» Exercise objective
Leaving the pictures aside, transcribe the data below exactly.

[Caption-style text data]
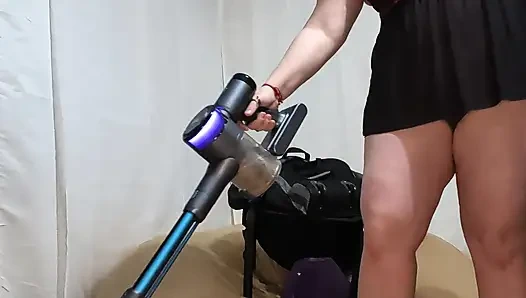 Bersihin kamarku sama aku pt. 2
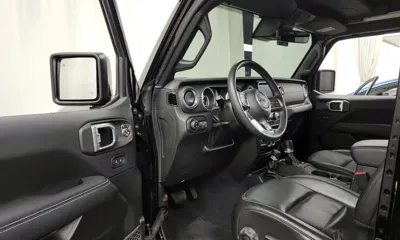 Jeep Wrangler 2022, 41632 км, за 45900000 KRW - фото 10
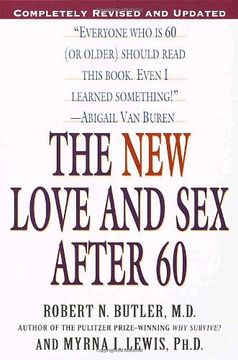 portada The new Love and sex After 60 (in English)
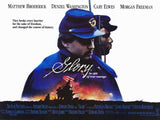 Glory 11 x 17 Movie Poster - UK Style B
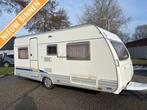 Bürstner 465 TS 2005 RONDZIT VAST BED VOORTENT, Caravans en Kamperen, Weststraße 33 77694 Kehl, Duitsland, Rondzit, Bürstner GmbH & Co. KG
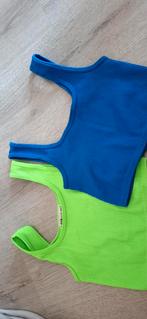 2 Tops New Yorker XXS, Kleding | Dames, Tops, Overige kleuren, New Yorker, Ophalen of Verzenden, Zo goed als nieuw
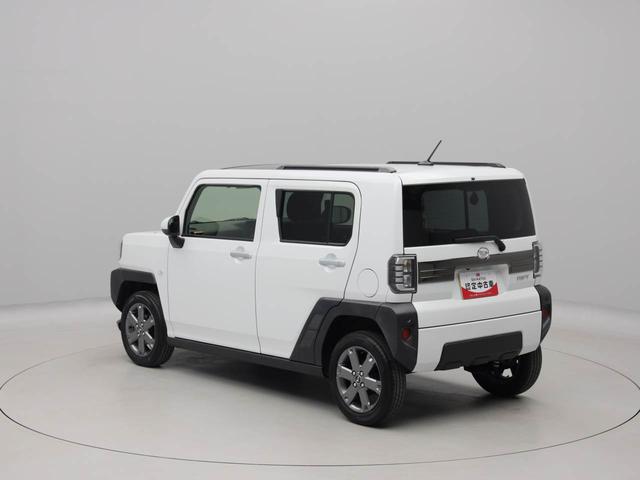 タフト Gターボ エアコン ナビ ETC パワステ パワーウィンドウ ABS エアバック アルミホイール サンルーフ キーフリー 電動ドアミラー バックカメラ LED(64枚目)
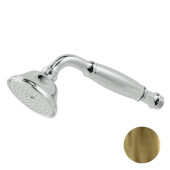 Nicolazzi Doccia Лейка ручного душа, цвет: бронза. 7104MBZ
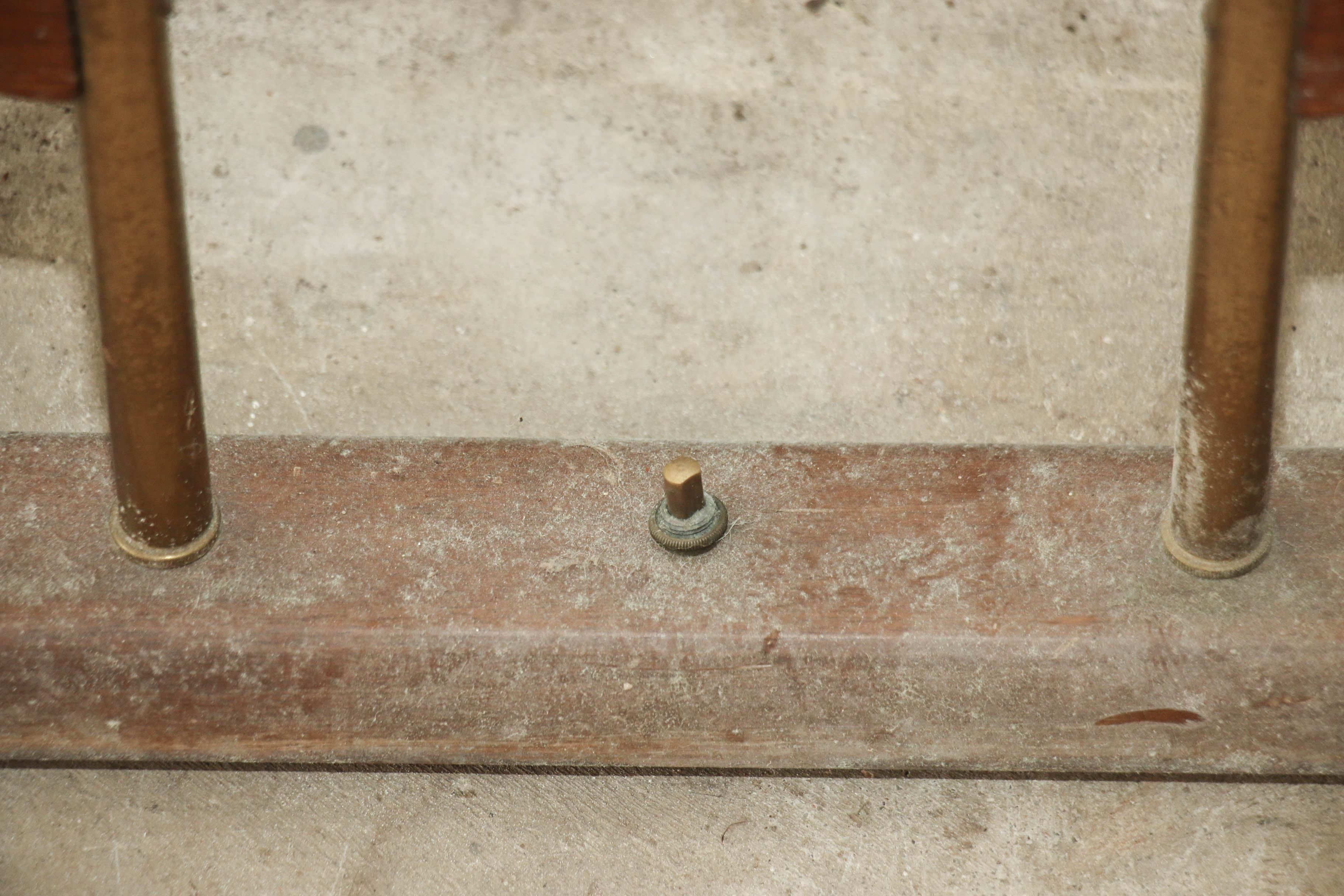 Mid Century Modern Room Divider Lamp Screen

» Output below
 Bersihin kamarku sama aku pt. 2
 Jeep Wrangler 2022, 41632 км, за 45900000 KRW - фото 10
 portada The new Love and sex After 60 (in English)
 Glory 11 x 17 Movie Poster - UK Style B
 Bürstner 465 TS 2005 RONDZIT VAST BED VOORTENT, Caravans en Kamperen, Weststraße 33 77694 Kehl, Duitsland, Rondzit, Bürstner GmbH & Co. KG
 2 Tops New Yorker XXS, Kleding | Dames, Tops, Overige kleuren, New Yorker, Ophalen of Verzenden, Zo goed als nieuw
 タフト Gターボ エアコン ナビ ETC パワステ パワーウィンドウ ABS エアバック アルミホイール サンルーフ キーフリー 電動ドアミラー バックカメラ LED(64枚目)
 Nicolazzi Doccia Лейка ручного душа, цвет: бронза. 7104MBZ
 Mid Century Modern Room Divider Lamp Screen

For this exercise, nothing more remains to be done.